§ Work task: Repeat the data word for word, excluding every picture.

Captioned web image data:

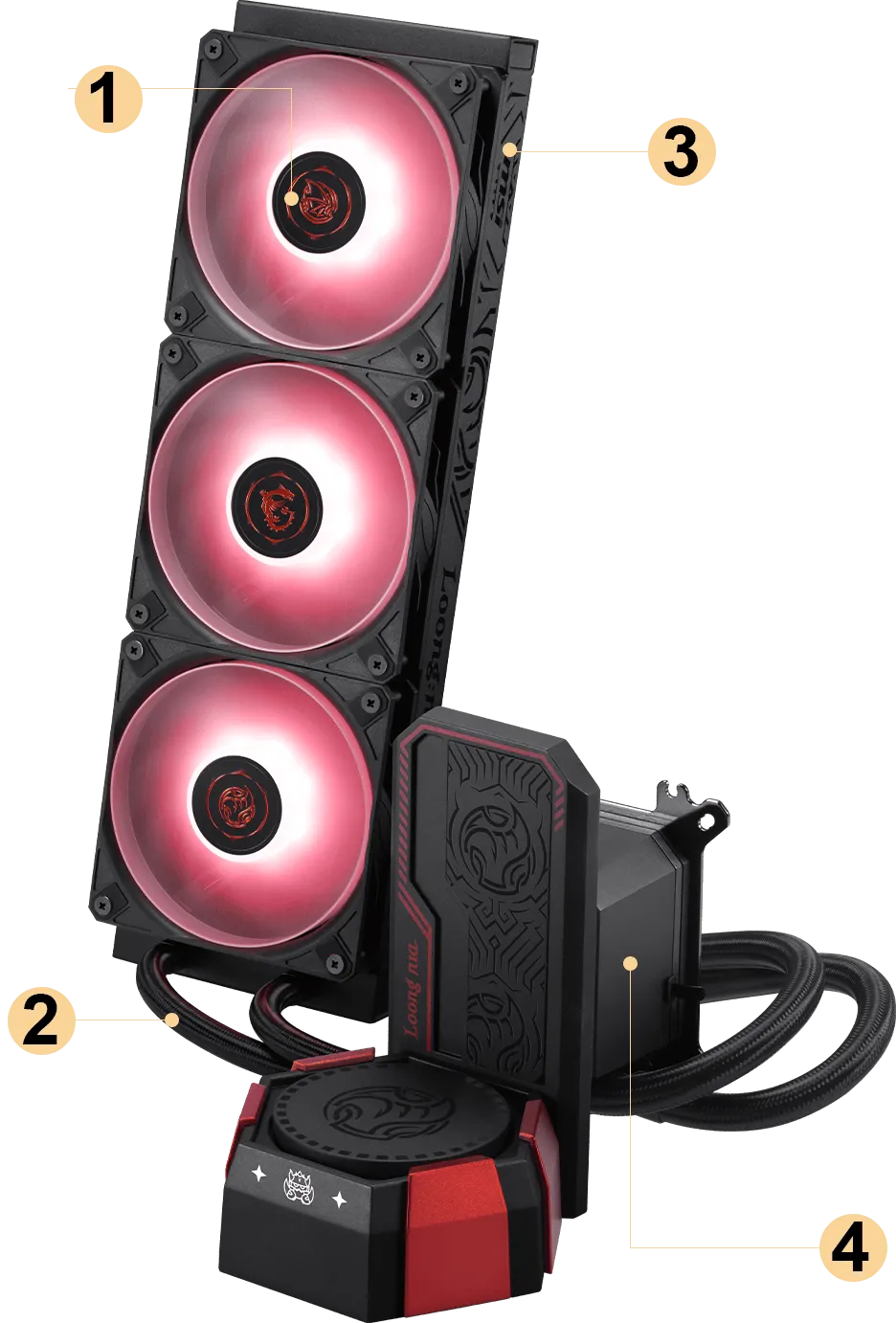MSI CORELIQUID A17 MLG EDITION AIO Liquid Cooler (Black) overview 2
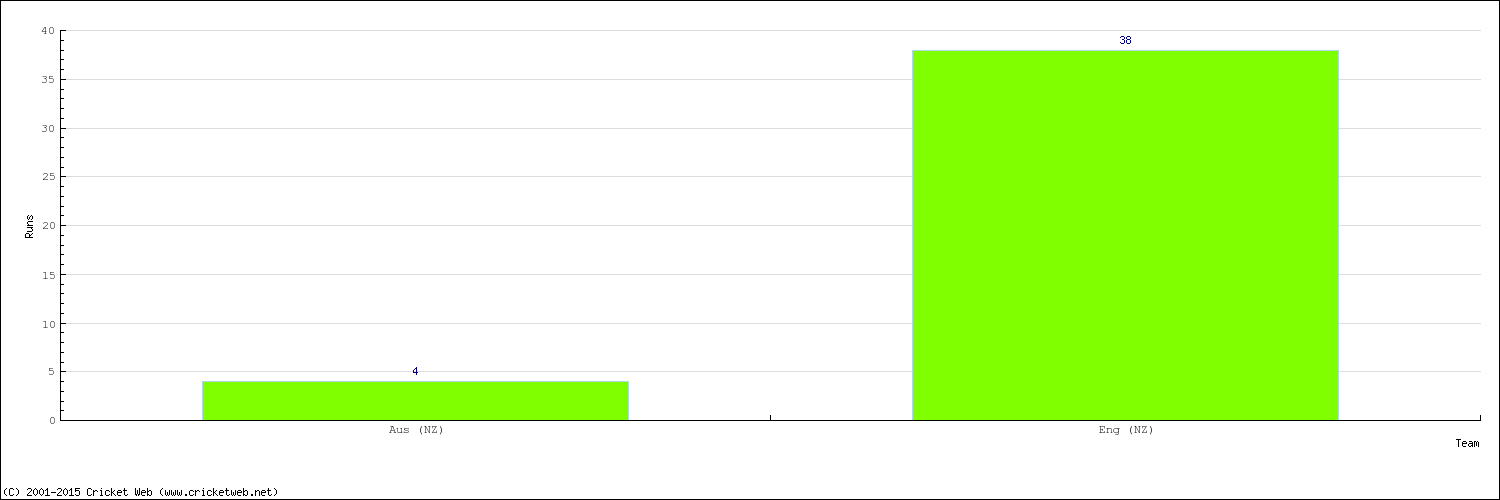 Runs by Country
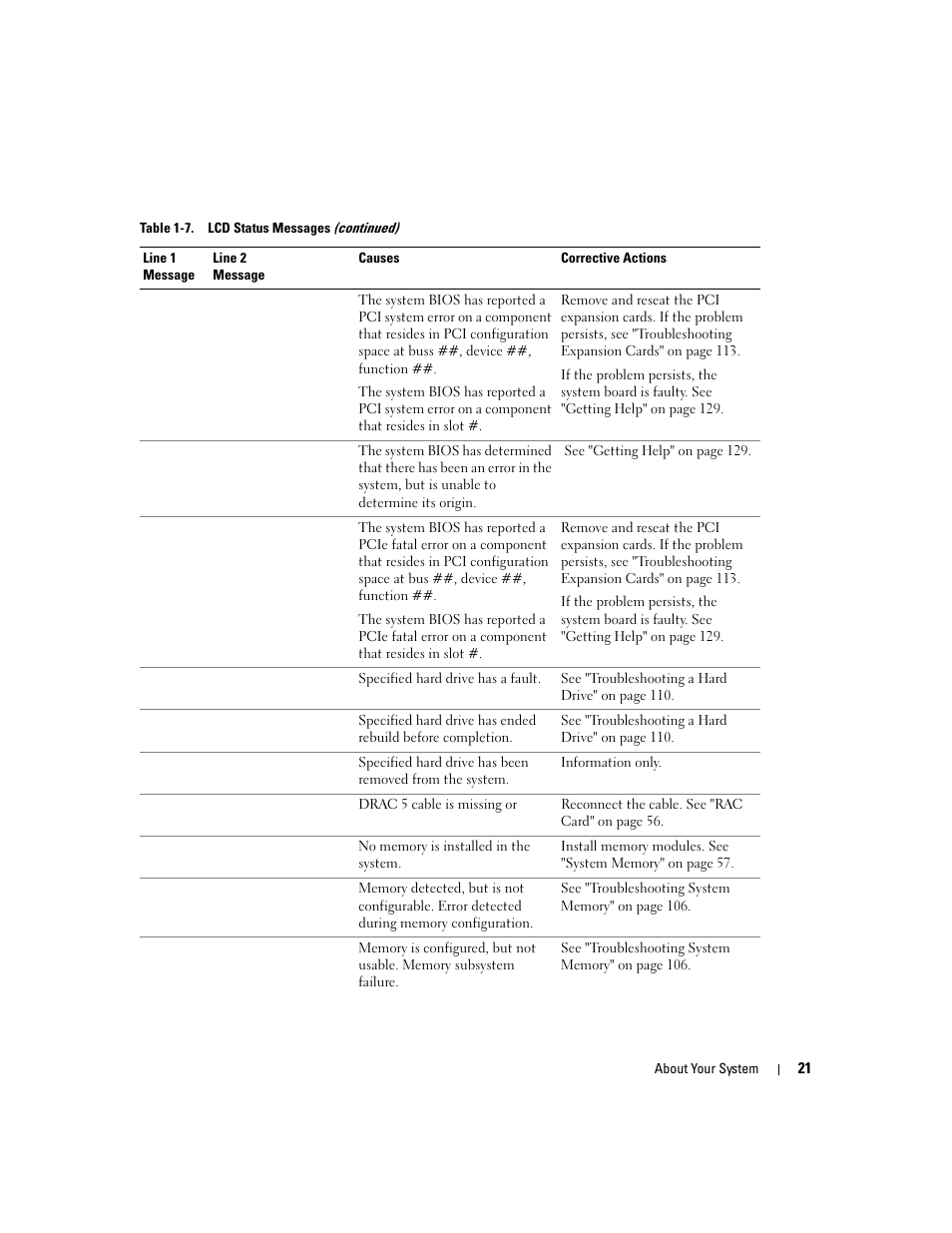 Dell PowerEdge 6950 User Manual | Page 21 / 166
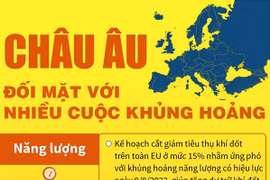 [Infographics] Châu Âu đối mặt với nhiều cuộc khủng hoảng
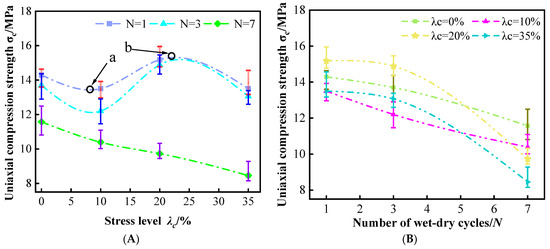 Effect of Continuous Loading Coupled with Wet–Dry Cycles on Strength ...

§ Exercise output:
MSI CORELIQUID A17 MLG EDITION AIO Liquid Cooler (Black) overview 2
 Runs by Country
 Dell PowerEdge 6950 User Manual | Page 21 / 166
 [Infographics] Châu Âu đối mặt với nhiều cuộc khủng hoảng
 Effect of Continuous Loading Coupled with Wet–Dry Cycles on Strength ...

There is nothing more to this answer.